L'ANSM, service public, s'organise bien sûr pour répondre à ses missions essentielles dans le contexte de la pandémie de SARS-CoV-2. L'Agence devra faire preuve d'agilité pour accélérer la mise au point, l'AMM et la disponibilité des vaccins dans le respect des normes de qualité, d'innocuité et d'efficacité. Développés à une vitesse sans précédent, les vaccins ne seront autorisés que s'ils sont sûrs, efficaces et de bonne qualité. Comme pour tous les médicaments, il est essentiel que l'innocuité et l'efficacité de tous les vaccins contre le covid soient étroitement surveillées après l'autorisation de mise sur le marché. La stratégie de mise à disposition en France d'un ou de plusieurs vaccins sera proposée par la commission technique des vaccinations de la Haute Autorité de santé selon des modalités qui seront définies par la tutelle. L'ANSM mettra en place un mécanisme de surveillance renforcée transparent, impliquant et informant les parties prenantes.

L'Agence s'attachera aussi à renforcer l'anticipation et la prévention des tensions ou des ruptures d'approvisionnement en médicaments d'intérêt thérapeutique majeur, dans le cadre des nouvelles mesures prévues par la loi de financement de la sécurité sociale (LFSS) pour 2020 et, plus largement, de la feuille de route ministérielle à ce sujet. C'est un enjeu majeur pour la prise en charge des patients et l'organisation des soins.

L'ANSM devra également mettre en œuvre l'expérimentation sur le cannabis à usage médical, qui marque la volonté d'ouverture de l'Agence dans une démarche de gestion de risques. L'expérimentation aura pour premier objectif d'évaluer la faisabilité du circuit de mise à disposition du cannabis pour les patients, c'est-à-dire la prescription par les médecins, la délivrance par les pharmaciens, l'approvisionnement en produits et le suivi des patients. Le deuxième objectif sera de recueillir les premières données françaises sur l'efficacité et la sécurité de l'utilisation du cannabis dans un cadre médical.
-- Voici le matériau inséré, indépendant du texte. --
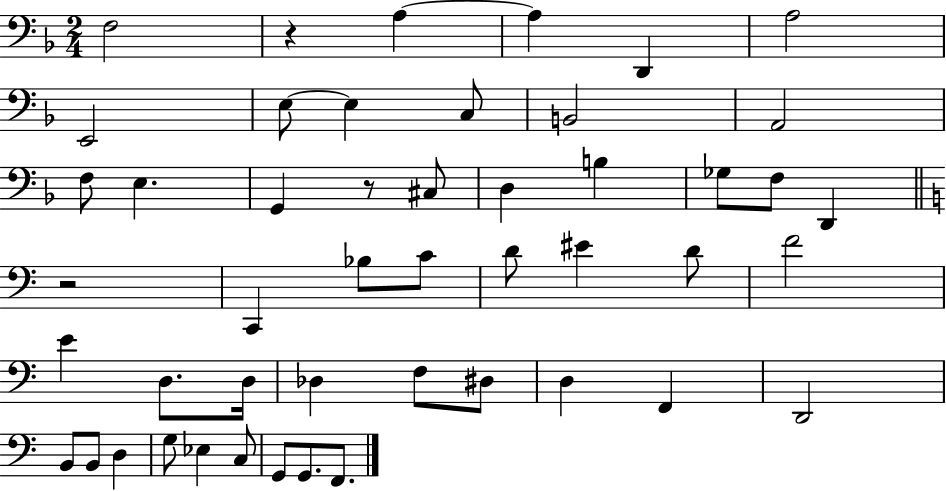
F3/h R/q A3/q A3/q D2/q A3/h E2/h E3/e E3/q C3/e B2/h A2/h F3/e E3/q. G2/q R/e C#3/e D3/q B3/q Gb3/e F3/e D2/q R/h C2/q Bb3/e C4/e D4/e EIS4/q D4/e F4/h E4/q D3/e. D3/s Db3/q F3/e D#3/e D3/q F2/q D2/h B2/e B2/e D3/q G3/e Eb3/q C3/e G2/e G2/e. F2/e.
Enfin, pour s'adapter au mieux au contexte exceptionnel de la pandémie, l'Agence poursuivra le déploiement du télétravail pour toutes les équipes, conformément aux orientations voulues par l'État dans l'optique de contribuer à l'amélioration de la qualité de vie au travail des agents publics.

Je conclurai en soulignant l'ampleur de l'évolution de l'ANSM au cours des deux mandats de Dominique Martin, auprès duquel j'ai eu la chance d'œuvrer en qualité de directrice générale adjointe pendant ces quatre dernières années. Si l'opportunité m'est donnée de guider et d'accompagner les collaborateurs de l'Agence, je m'emploierai à chaque instant à faire que l'ANSM soit à l'écoute des attentes de ses usagers, à ce qu'elle soit agile et résolument en prise avec son temps, comme doit l'être une Agence au service de la sécurité de tous les patients qui utilisent des produits de santé.